* _Assignment_
Exact reproduction is required for the lines below starting at the line with "Video thumb for" and ending at the line with "Delphinium Curio Cabinet", both included. No other lines, and no pictures.

* _Data shown_
· · · · ·

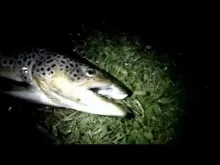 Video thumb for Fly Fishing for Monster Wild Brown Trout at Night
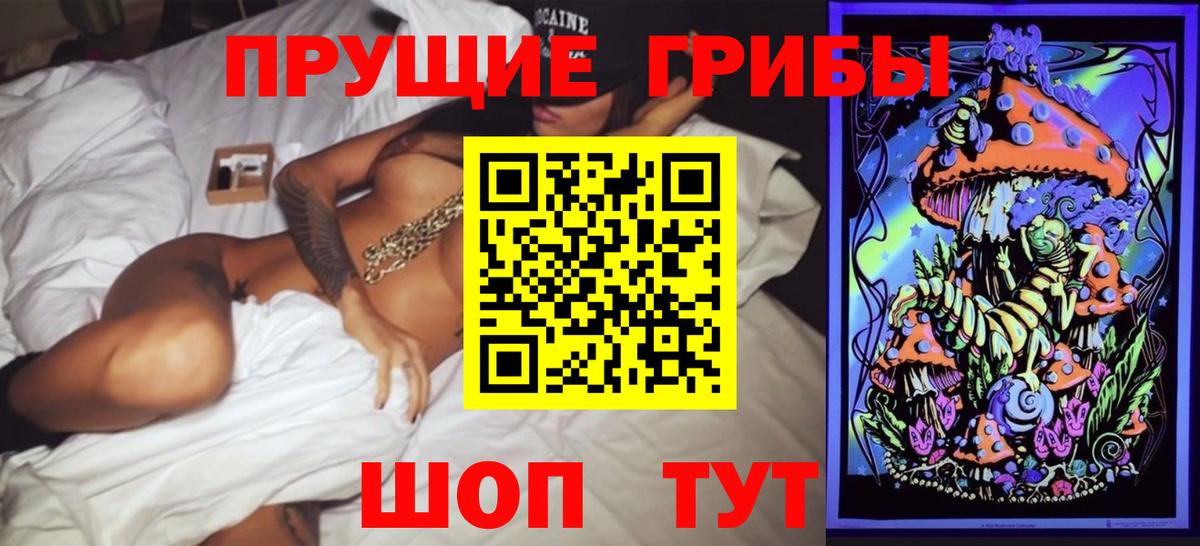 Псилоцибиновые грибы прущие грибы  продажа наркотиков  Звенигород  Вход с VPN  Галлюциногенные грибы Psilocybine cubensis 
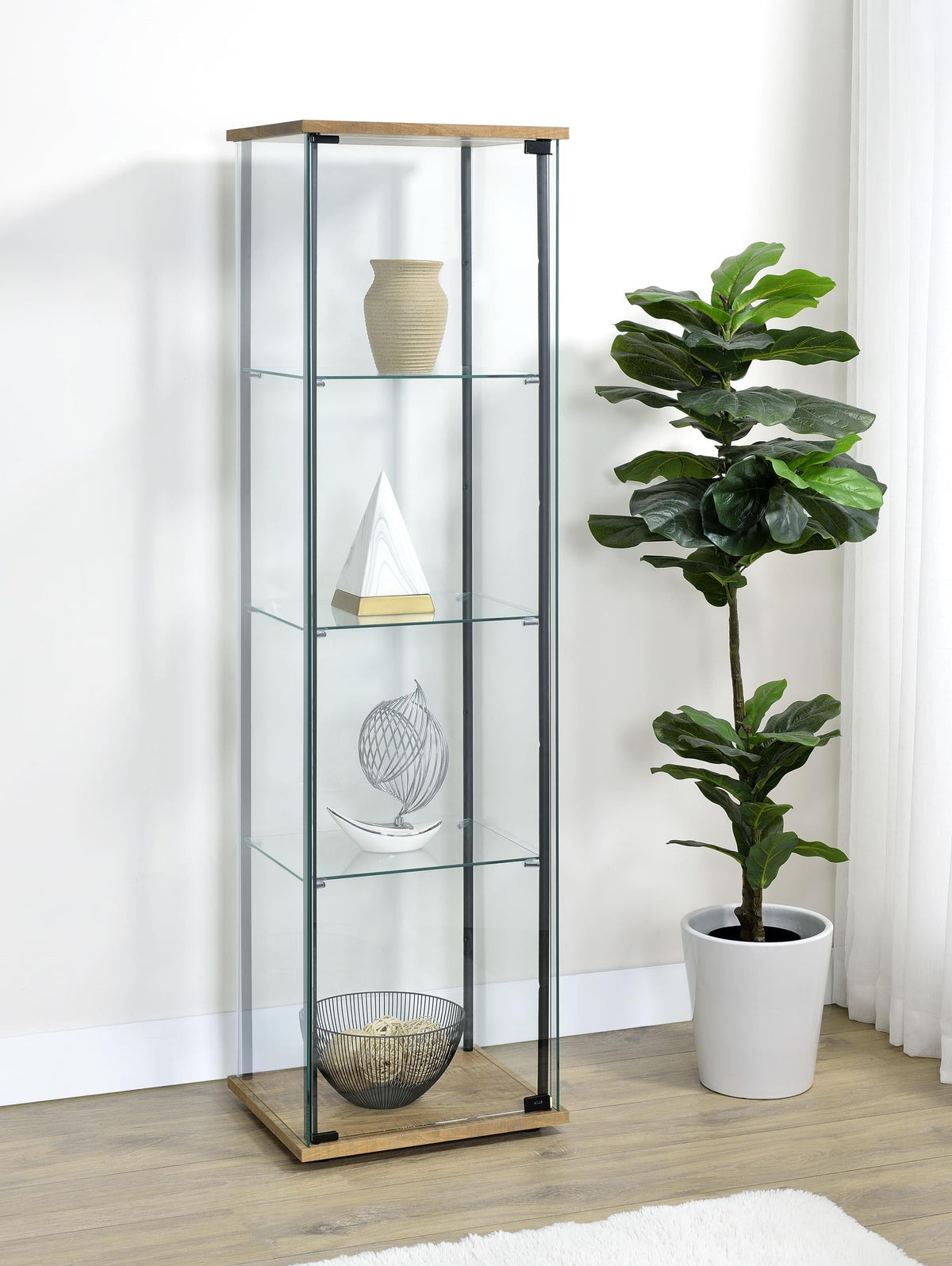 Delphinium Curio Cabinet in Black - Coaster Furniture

· · · · ·

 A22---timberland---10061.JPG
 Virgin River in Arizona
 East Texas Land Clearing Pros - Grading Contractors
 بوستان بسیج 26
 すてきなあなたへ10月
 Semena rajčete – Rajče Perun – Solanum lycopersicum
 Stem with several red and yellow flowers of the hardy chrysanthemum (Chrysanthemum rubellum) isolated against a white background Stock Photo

· · · · ·

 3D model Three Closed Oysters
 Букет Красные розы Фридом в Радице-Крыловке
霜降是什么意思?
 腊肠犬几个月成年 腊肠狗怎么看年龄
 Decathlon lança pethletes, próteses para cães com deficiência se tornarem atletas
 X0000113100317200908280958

· · · · ·

* _Written response_
 Video thumb for Fly Fishing for Monster Wild Brown Trout at Night
 Псилоцибиновые грибы прущие грибы  продажа наркотиков  Звенигород  Вход с VPN  Галлюциногенные грибы Psilocybine cubensis 
 Delphinium Curio Cabinet in Black - Coaster Furniture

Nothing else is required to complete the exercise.